On February 15, 1846, a severe storm caused a number of horrifying shipwrecks along the northeast coast that were a shock even to a nation long accustomed to maritime disasters. One of these was the John Minturn, a three-masted packet ship bound for New York from New Orleans. The Minturn made it all the way to Sandy Hook, near the entrance to New York Harbor, where safe mooring awaited. Instead, the storm blew the ship back southward and out to sea. The captain tried to run the ship aground on the beach off Mantoloking, in what is today Ocean County, to save passengers and crew, but ran hard into a sandbar. Ultimately, 38 people from the John Minturn perished that day, and other shipwrecks from that storm resulted in 22 more lives lost.

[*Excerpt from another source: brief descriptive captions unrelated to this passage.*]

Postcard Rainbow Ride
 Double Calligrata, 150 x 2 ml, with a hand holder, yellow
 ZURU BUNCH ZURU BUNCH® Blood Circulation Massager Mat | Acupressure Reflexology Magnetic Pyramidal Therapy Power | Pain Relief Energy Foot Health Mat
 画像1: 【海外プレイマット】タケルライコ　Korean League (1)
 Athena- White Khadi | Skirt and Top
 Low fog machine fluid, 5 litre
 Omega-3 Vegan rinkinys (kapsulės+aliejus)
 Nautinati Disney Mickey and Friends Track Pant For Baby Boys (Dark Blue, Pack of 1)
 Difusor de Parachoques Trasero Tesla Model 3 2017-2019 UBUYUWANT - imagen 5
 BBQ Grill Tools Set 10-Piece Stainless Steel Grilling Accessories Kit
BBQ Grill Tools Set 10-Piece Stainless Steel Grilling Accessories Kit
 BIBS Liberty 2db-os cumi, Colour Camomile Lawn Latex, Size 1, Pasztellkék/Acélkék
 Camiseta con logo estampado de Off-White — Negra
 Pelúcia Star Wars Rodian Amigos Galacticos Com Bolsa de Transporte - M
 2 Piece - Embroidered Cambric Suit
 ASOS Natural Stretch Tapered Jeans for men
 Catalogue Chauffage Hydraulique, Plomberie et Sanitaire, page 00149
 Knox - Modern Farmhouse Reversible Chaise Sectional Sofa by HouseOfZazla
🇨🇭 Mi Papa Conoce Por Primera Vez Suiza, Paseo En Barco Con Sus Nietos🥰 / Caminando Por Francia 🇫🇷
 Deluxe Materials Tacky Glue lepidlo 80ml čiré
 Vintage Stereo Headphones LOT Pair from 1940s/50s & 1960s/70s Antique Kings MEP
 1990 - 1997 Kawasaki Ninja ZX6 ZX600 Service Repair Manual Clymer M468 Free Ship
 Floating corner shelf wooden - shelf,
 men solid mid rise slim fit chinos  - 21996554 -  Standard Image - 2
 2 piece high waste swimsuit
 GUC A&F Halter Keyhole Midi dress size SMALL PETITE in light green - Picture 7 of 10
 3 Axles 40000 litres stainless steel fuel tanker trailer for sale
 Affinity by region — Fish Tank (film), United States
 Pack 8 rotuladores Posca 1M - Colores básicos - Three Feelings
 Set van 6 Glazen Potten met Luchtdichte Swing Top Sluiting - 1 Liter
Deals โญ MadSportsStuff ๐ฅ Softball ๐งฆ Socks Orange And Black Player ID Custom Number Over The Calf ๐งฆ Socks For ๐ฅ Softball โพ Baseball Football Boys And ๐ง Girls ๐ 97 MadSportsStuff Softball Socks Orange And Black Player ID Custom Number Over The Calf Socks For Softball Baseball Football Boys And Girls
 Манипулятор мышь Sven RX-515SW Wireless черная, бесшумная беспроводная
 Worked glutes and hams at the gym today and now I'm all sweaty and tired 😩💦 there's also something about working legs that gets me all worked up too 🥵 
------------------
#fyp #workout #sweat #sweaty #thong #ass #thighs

The Minturn was in our waters during a period when the business of ship’s pilotage was a matter of intense competition between the New York Sandy Hook Pilots and the New Jersey Sandy Hook Pilots. Law allowed a pilot from either group to solicit client vessels and place a pilot on board to command the ship into the port via the complex local channels. The nature of this competition had resulted in veteran ship captains often having partisan views and refusing pilots from one or the other group. Despite the threatening weather, Captain Stark refused to take on a New York pilot.
So it was that the captain and master of the John Minturn, Dudley Stark, found himself facing bad weather, but none of his preferred New Jersey Sandy Hook Pilot boats were in the vicinity. As to why Captain Stark might have had a preference for New Jersey pilots, it could stem from his very upbringing.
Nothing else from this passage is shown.